Guilty by Definition

October 2, 2013

Beyond Walls and Cages brings together 36 writers, academics, and activists to explore the interaction between the prison and immigration industries in the United States. Most of the contributors argue that these industries not only dehumanize the individuals caught in their respective webs, but also that the criminalization and militarization emanating from these institutions reinforce traditional inequalities and normalize everyday violence and punitive policing. The book is divided into six parts, beginning with a historical analysis of the global roots of the prison and immigration crisis. Editors Loyd, Mitchelson, and Burridge then narrow the focus to the United States, with Part IV specifically focusing on Arizona, as a laboratory for security policy and for the struggles against the criminalization and policing of immigrants.

The book opens by situating these issues in the context of global capitalism. The first contributor, geographer Joseph Nevins, begins his piece by describing anti-migrant violence in contemporary—post-apartheid—South Africa. He pans out from localized atrocities to develop the concept of global apartheid, or a set of policies that make migrating to “rich” countries extremely difficult, thus serving “to maintain a system of international inequality.” This conceptual framing challenges readers to recognize the contradictions in viewing their own country’s borders as anything more legitimate than what occurred under South African apartheid. Indeed, one of the most interesting aspects of the work is the “abolitionist” perspective many of the writers take in regard to international borders. Borders, they argue, are systems of exclusion that enforce a separation “that comes about by accident of birth.”

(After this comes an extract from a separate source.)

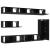 Set dulap TV de 7 piese montat pe perete Stejar Negru Lemn prelucrat GartenMobel Dekor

Anne Bonds, in the piece “Building Prisons, Building Poverty,” examines the ways increased policing and criminalization institutionalize inequalities in the United States, most obviously through the expansion of unwinnable and indefinable “wars”—the War on Crime and the War on Drugs. Instead of working to address the social and economic inequalities that undermine community stability, the state has chosen instead to take a punitive approach focused on the supply end of the economic chain while ignoring the demand that drives drug distribution. Consequently, the Drug War within the United States has “focused its attention on street-level dealers and not suburban consumers.” Increased penalties for the possession of relatively small amounts of drugs, as well as policies such as the “three-strikes law” that institute life sentences after a third felony conviction, have resulted in the United States now leading the world in incarceration rates, despite no real changes in drug consumption. As Bonds notes, “between 1980 and 1996, the rate of drug arrests rose by 250%, even though rates of drug use were not increasing.”

“While drug use is equal across racial lines,” writes Laura McTighe, there has been a huge expansion in the incarcerated population, overwhelmingly consisting of people of color and the economically disadvantaged. Indeed, people of color are arrested, convicted, and sentenced at dramatically higher rates than whites, with some 35% of black men between the ages of 25 and 34 “currently imprisoned, on probation, or on parole.”

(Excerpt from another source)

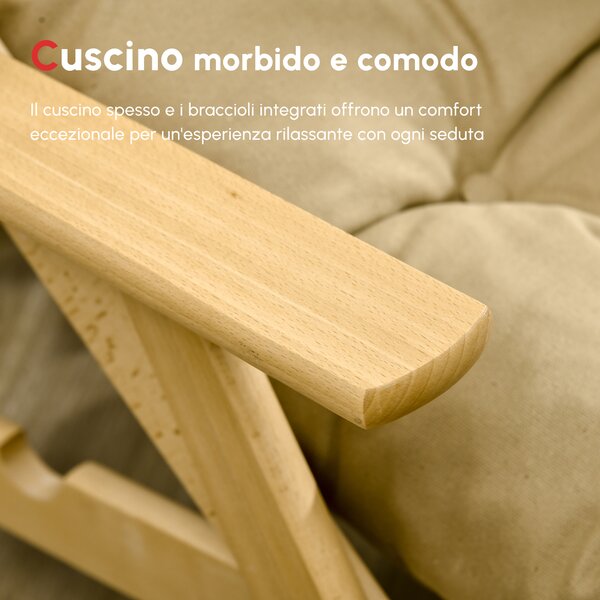 HOMCOM Sedia per Soggiorno Pieghevole con Braccioli e Cuscino, in Legno di Faggio e Tessuto, 71x89x96 cm, Marrone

Vote-garnering tactics have been used to situate immigration as a focus of criminalization in the United States. Politicians have found that espousing a “tough on immigration” approach can be just as politically expedient as a “tough on crime” stance. The rhetoric and accompanying policy increased dramatically after 9/11 and the subsequent War on Terror as the government justified further border policing and criminalization to assuage fears of the “other” threatening the United States. Deportations and detentions have jumped to record numbers in recent years. During President Obama’s first presidential term, 1.5 million immigrants were deported, with a record 409,849 in 2012 alone—roughly the same number of people held in immigration detention that same year.

The editors are determined to show that both the criminal and immigration “justice” systems have resulted in a massive criminalization of whole communities, “further institutionalizing the structures of racism and classism already woven into the fabric of U.S. society and history.” Those who find themselves in cages find it harder to function in the necessary roles so important to us as social creatures—as siblings, workers, parents, children, partners, or students. Time is not suspended while one moves through these punitive institutions, and even when released, once-incarcerated individuals often no longer fit into the world they knew before incarceration. Furthermore, the absence of a breadwinner can often plunge a family deeper into poverty. Children are deprived of parents and parents of children. The criminalization of individuals not only affects one person, but whole families and communities.

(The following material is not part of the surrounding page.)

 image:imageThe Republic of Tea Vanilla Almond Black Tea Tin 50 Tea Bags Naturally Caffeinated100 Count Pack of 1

One of the most insidious aspects of pervasive criminalization, argue the authors, is the way privatization of many of the functions of policing and imprisonment has strengthened the profit incentive that ends up perpetuating the very problems these agencies were once established to resolve. If crime and immigration are not actually increasing, the state can criminalize a portion of the existing population in order to expand these industries. As with the disconnect between rates of drug use and rates of drug enforcement, writes McTighe, “mass incarceration has occurred even as violent crime rates have declined.” This has been accomplished, in part, by criminalizing immigration infractions that in the past were only civil violations. This has resulted in more people than ever before now being swept up into the prison system through increased border militarization and workplace raids. This has ensured the viability of the security and policing agencies because of the increased demand for their services.

The book concludes with two sections highlighting the political movements against walls and cages. These contributions both encourage and dishearten the reader with their complexity. At the heart of the struggle is the tension between reformist and radical approaches to immigration and prison organizing. The book, in the words of its editors, claims to “develop an abolitionist analytic practice which can connect movements against state violence, and to see the challenging of prisons and border walls as a central dimension in struggles against colonialism, capitalism, white supremacy, and heteropatriarchy within and beyond the United States.” What this means in practice is not easy to define.

The interviews included in the collection perhaps provide the most coherent approaches to grappling with these issues. As organizer Amy Gottlieb says in an interview conducted by Jenna Loyd “we work toward a fundamental change of attitudes simultaneously with other shorter-term organizing work.” However, she reveals the hard choices the movement must make, which she illustrates with the stance of her organization, the American Friends Service Committee, against hate crime legislation. While these laws are established to protect traditionally marginalized groups, Gottlieb argues that this legislation does not address “underlying causes” and “[g]iven that we challenge the penalty system as it currently stands, we cannot support anything that expands or gives more power to that system.” Loyd again touches on these issues in her interview with Gael Guevara, an activist working with the low-income transgender community through the Sylvia Rivera Law Project (SRLP). In the article “Immigrant Justice From a Trans Perspective,” Guevara comments that although they take an abolitionist stance, “when we choose to work to make reforms within the prison system, it is with the purpose of improving the living conditions and wellness of our clients, to make it more tolerable during the time they are incarcerated.”

As the editors note, “The work of building and maintaining borders and prison walls is also about creating and policing social difference.” Beyond Walls and Cages challenges the notion that the power granted to the state to enforce social separation is something natural and eternal. Mass incarceration and pervasive policing through both the prison and immigration industries are social constructs, and, as the editors assert, “if societies can be militarized, they can also be demilitarized.”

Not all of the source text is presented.